“Troop meetings are the glue that holds a troop together.” This is a familiar quote, and quite true. The measure of the glue’s holding power is how successful these troop meetings are.
What follows is one account of a troop meeting, as seen from the perspective of a young person who had never been to a Scout meeting before and knew next to nothing about Scouting:
It was their first troop meeting. They were young and eager, but also a little uneasy. They didn’t know what to expect. Their mother dropped them off at the back of the church about fifteen minutes before the meeting was supposed to begin. Getting out of the car, to their surprise they saw there were Scouts already gathered in the grassy area outside the entrance making a lot of noise.

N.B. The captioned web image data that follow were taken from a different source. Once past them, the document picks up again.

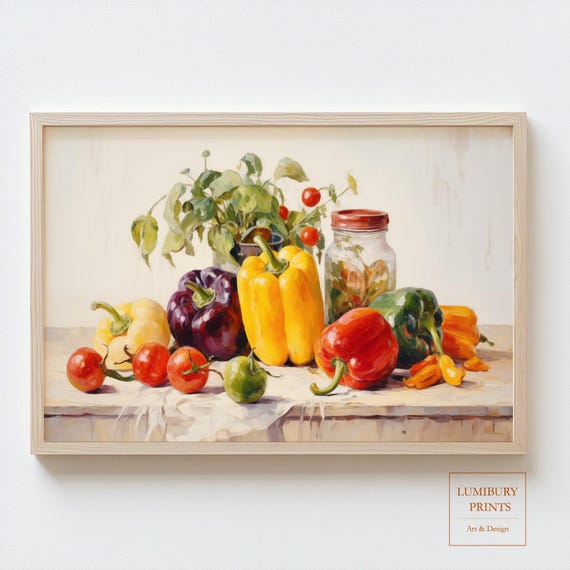 Bell Pepper Poster Vegetable Wall Art Tomato Print Kitchen Illustration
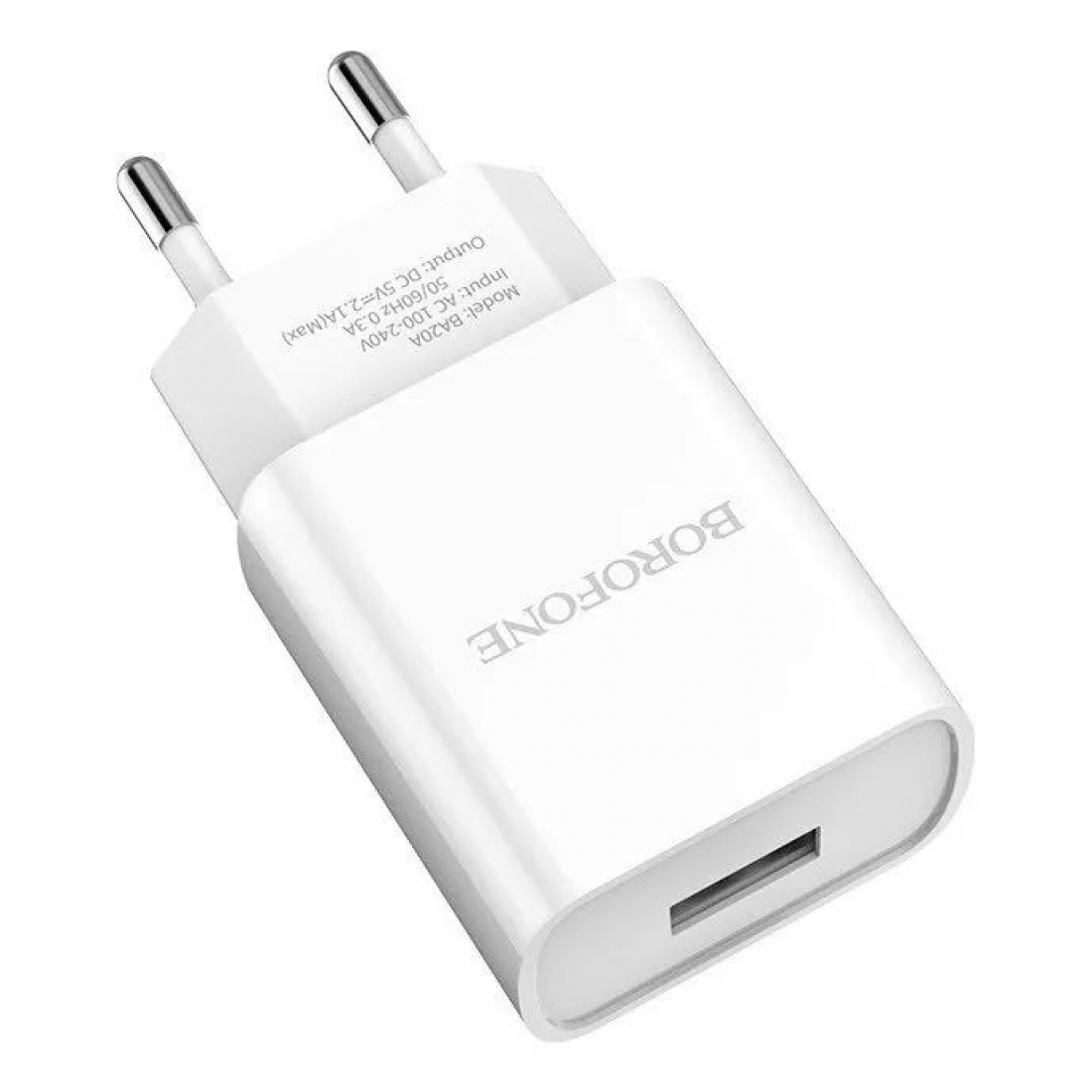 Сетевое зарядное устройство (СЗУ) Borofone BA20A (USB), 2.1 А, белый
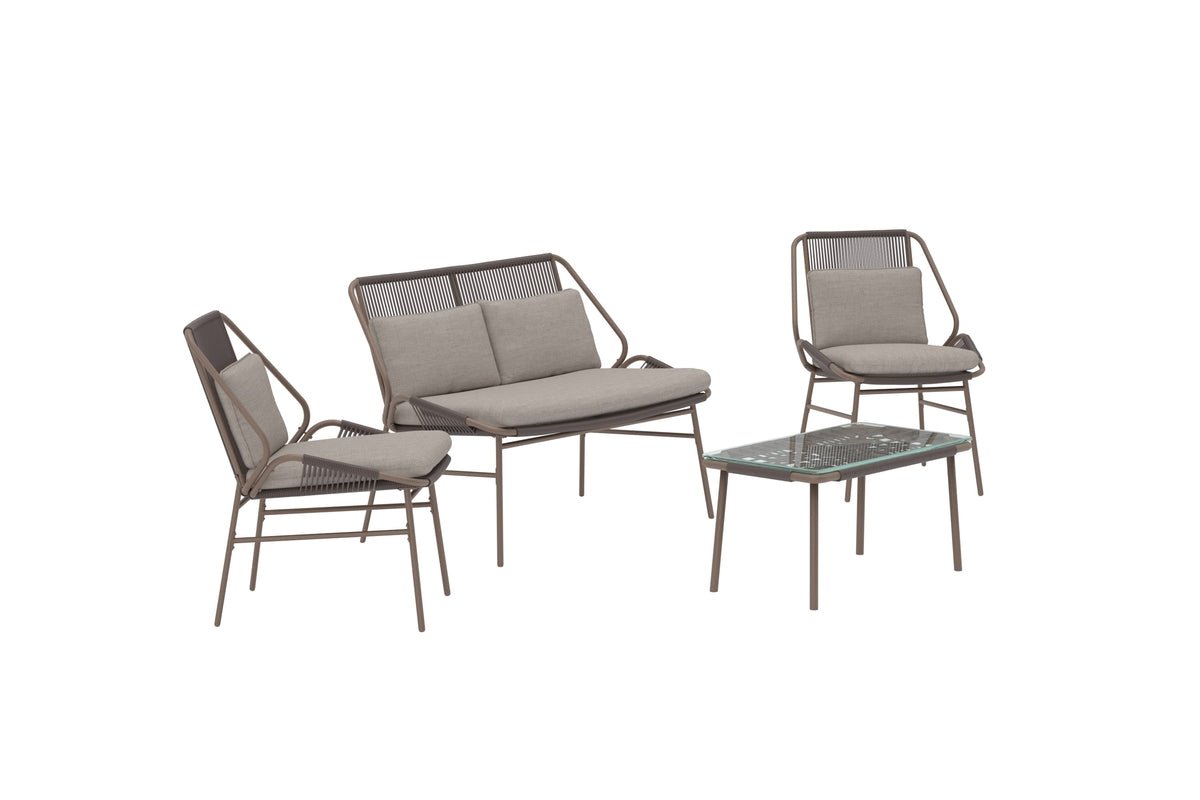 Ensemble lounge de jardin Talora – ensemble 4 pièces avec chaises en acier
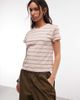 Monki Monki perfect tee in pink stripe - 1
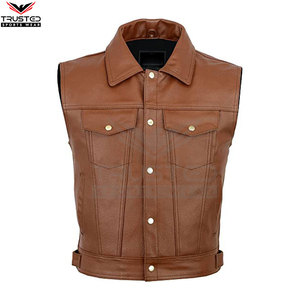 Precio de fábrica Cuello en V Diseño personalizado Hombres Chaleco de cuero Color sólido Cantidad a granel Hombres Chaleco de cuero - Product Image 2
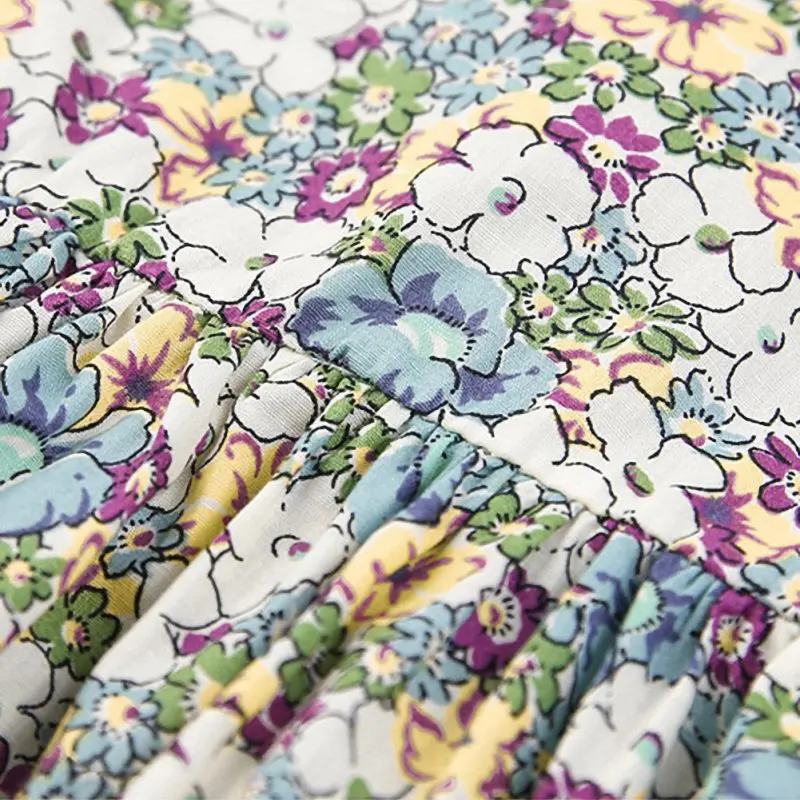 

Spring And Autumn New Girls Sweet And Lovely Cotton Long Sleeves And Knee-Length Bouffant Skirt Bubble Sleeve Floral Printting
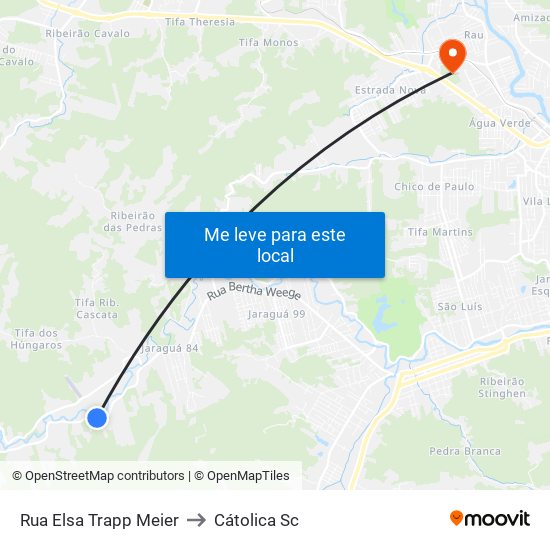 Rua Elsa Trapp Meier to Cátolica Sc map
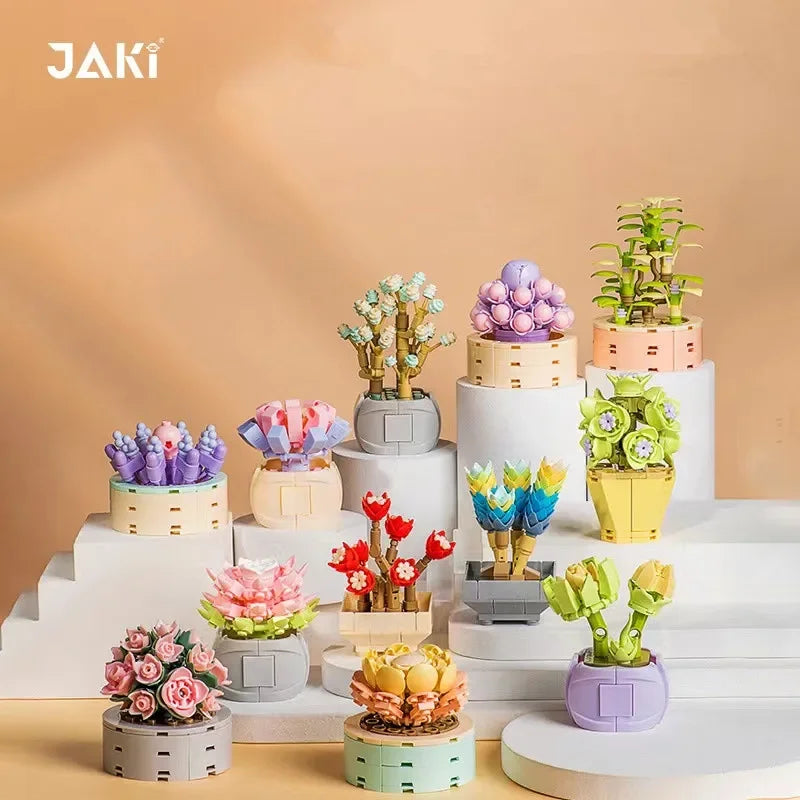 JAKI Blocks Teens Building Toys Bricks Girls Flowers Potted Plant Puzzle Home Decor Artificial Flowers Women Gift JK2710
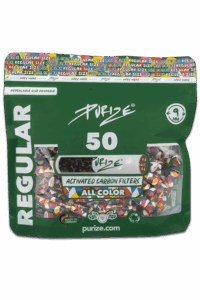 50 Purize Regular Size Aktivkohlefilter All Color im grünen Vorratsbeutel mit 9mm Format und bunter Filter-Ausführung.
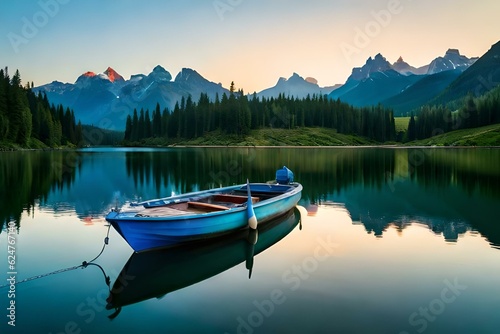 Boat on lake - Single boat waiting on calm, green waters of lake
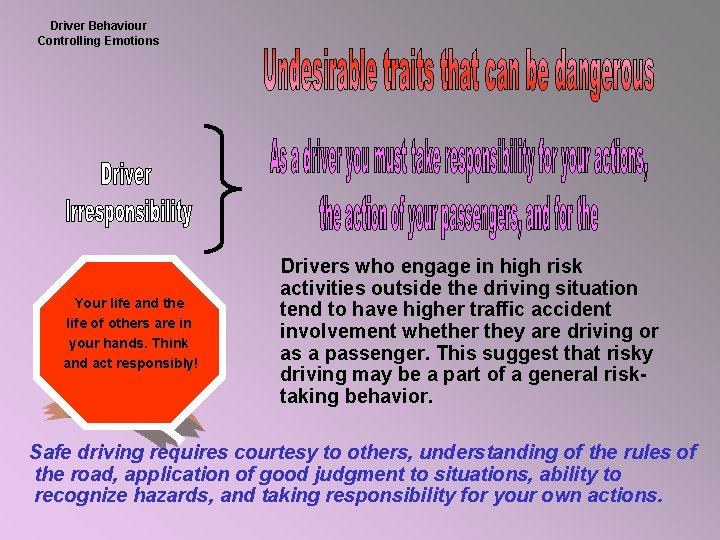 Driver Behaviour Controlling Emotions Your life and the life of others are in your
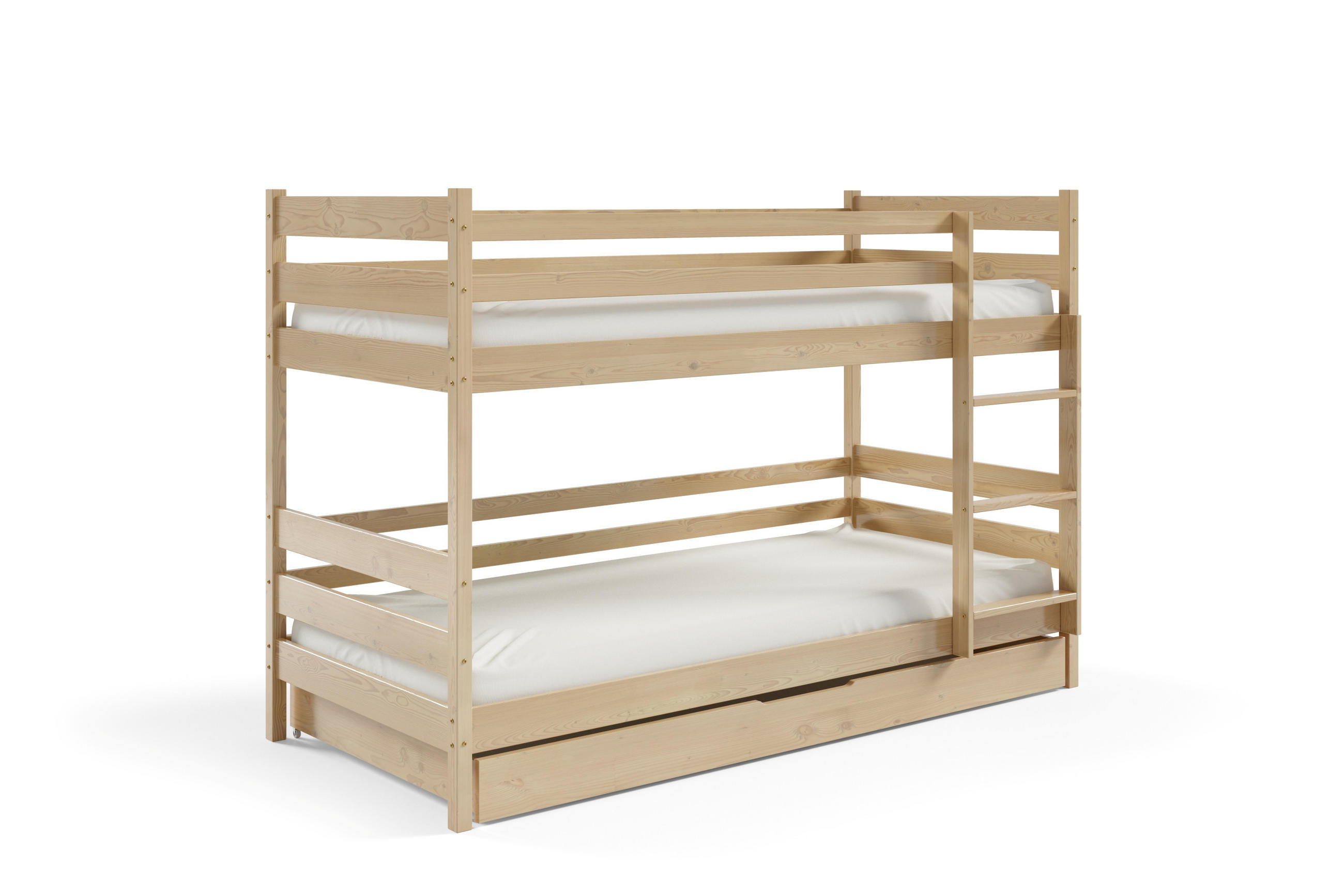 ETAGENBETT SIMBA mit Bettkasten 80x190 cm Kieferfarben - Kieferfarben, Holz (80/190cm) - MASSENO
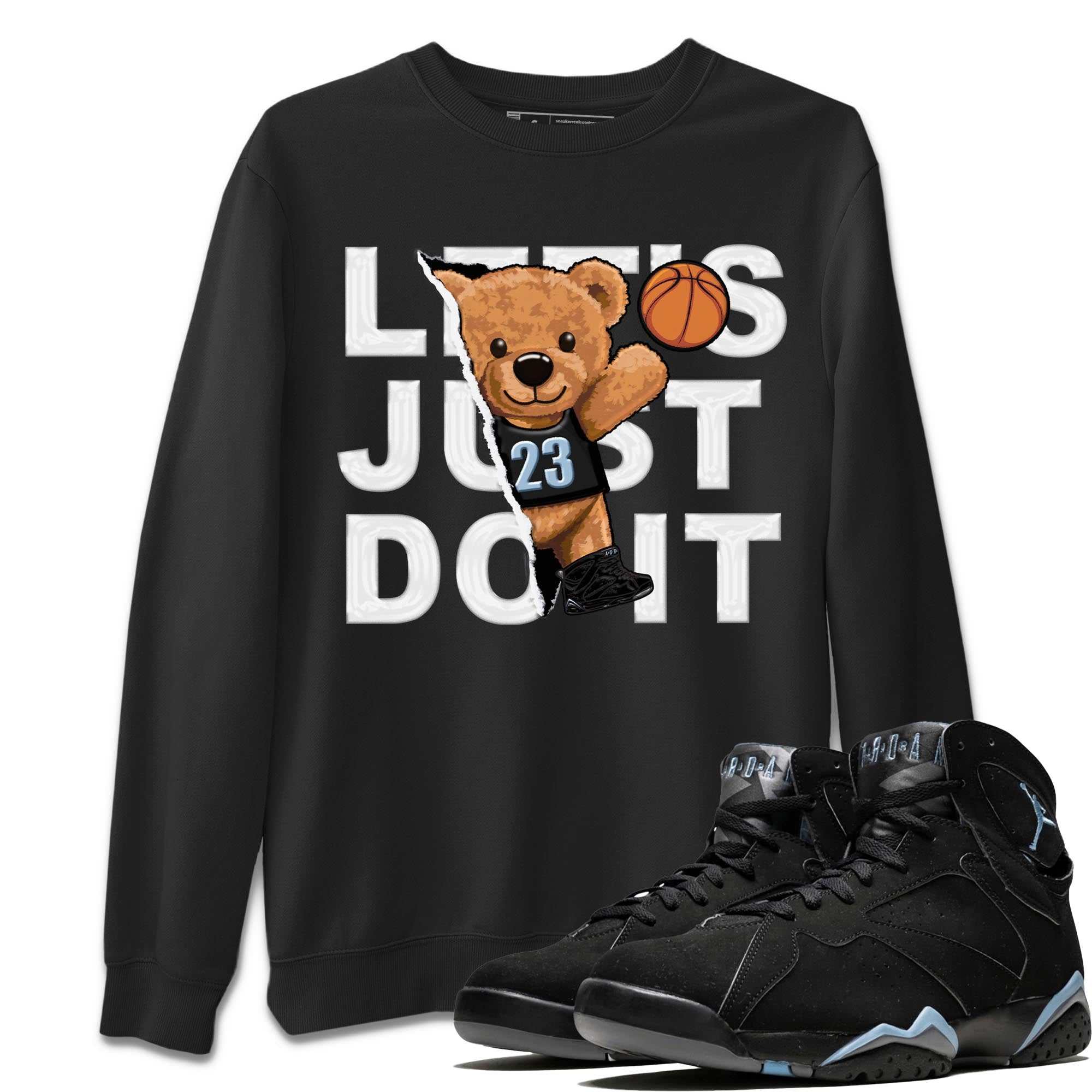 Air Jordan 7 Chambray shirt to match jordans Rip Out Bear Streetwear Sneaker Shirt AJ7 Chambray Drip Gear Zone Sneaker Matching Clothing Unisex Black 1 T-Shirt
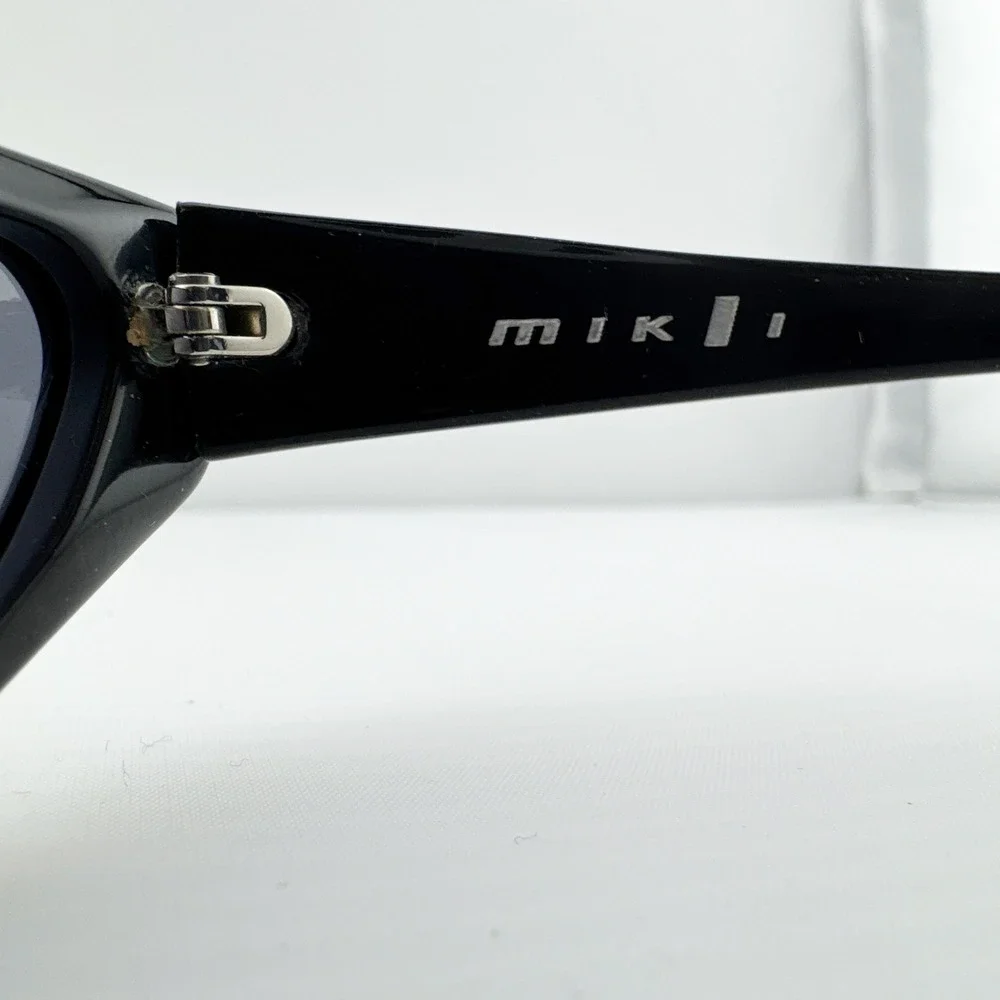 Alain Mikli Black Studded Slim‎ Oval Sunglasses Y2K Designer Eyewear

Most were in some kind of circle, and one was standing in the middle, on top of a big bucket. This Scout had a stick in their hand and it looked like they were using it to keep the others from hitting the bucket with a rubber ball. One of them threw the ball at the bucket, and the Scout in the middle whacked it away! A couple of others began chasing after it laughing and hollering. They all seemed excited, and Scouts in the circle were waving their arms like they wanted the one who retrieved the ball to pass it to them. The next thrower hit the bucket and took the place of the Scout with the stick. As the new person approached, they were invited to join the circle. They got into the action and even got to take a couple of shots at the bucket. It was fun. Before long, an older Scout stopped the game. Hit the Bucket
Everybody noisily went into the church, climbed some steps and entered the meeting room. There, inside, were some adults talking with one another. There were also some other older Scouts. One of the them was standing up front between two flags. Their uniform looked real neat. They seemed to be watching everybody as they entered, and also seemed to be waiting for something. When the Scouts were all in the room, the Scout in front held up three fingers of their right hand high above their head. Somehow, in a few seconds, the room got quiet. When it did, the Scout out front stretched both arms out from their sides, each pointing down at an angle. There was a scuffling as all the Scouts quietly and quickly formed into smaller groups. The whole troop was facing the Scout up front, in a half circle. The new person remained standing near the door, and soon, one of the older Scouts ushered them over to one of the smaller groups.
The Scout up front, led everyone in the Pledge of Allegiance and some kind of promise, which was followed by a series of brief announcements and directives. There was so much going on, the new person found it difficult to take it all in. Then, it seemed like everybody scattered. Before they knew it, the new person was sitting at a table across from the older Scout who had led them over to the smaller group. They introduced themself as their patrol leader, and began sharing some information about their patrol. A few minutes later, for a short time, the Scoutmaster joined them, and soon most all of the new person’s uneasiness disappeared. Their patrol leader continued sharing some new and interesting things, frequently referring to a book on the table between them.
Before long, all the patrols were back and each assembled in what appeared to be their own portion of the room. The new person’s patrol leader seemed to know exactly what was happening, like they had some information that the rest of the patrol members didn’t. They went over some things that obviously interested everybody. The patrol members were enthusiastic and had a bunch of questions. Everyone seemed cheerful and satisfied, and soon one of the other older Scouts came by and told them it was time. The new person followed their patrol downstairs.
Outside, spread over one side of the grassy area, there were some long poles and ropes. On the other side were some orange cones. In the middle was the neat-looking older Scout, now identified as the senior patrol leader. Once again this older Scout seemed to be watching and waiting. As soon as the troop was gathered, the senior patrol leader silently got everyone’s attention, signaled for the patrols to form a half circle in front of him, and in a loud voice, explained what they were about to do. A whistle blew and each patrol hurried to carefully join together three of the poles into a triangular-shaped structure using three of the ropes. When ready, one patrol member climbed aboard the triangle and held on tightly. The rest of the patrol then lifted the triangle and carried it along with their patrol mate to an orange cone on the other side. There they all turned around and raced back to the starting line, accompanied by lots of yelling and cheering. It was quite a scene! When it was over, a whistle blew, and the senior patrol leader again held up three fingers. Instructions were given for each patrol to take apart their “A-frames,” carry the materials to the storage area, and then quickly head back up to the meeting room. A-Frame Chariot Race
Once upstairs, patrols again gathered in their troop half circle. The Scoutmaster was invited up front and told a short story, a closing ceremony was conducted, and the troop’s chaplain aide delivered a closing prayer. The meeting was over.
The new person’s mother was waiting for them in the parking lot. When asked how it went, they remarked that lots went on, that the time went by quickly, and that it was good.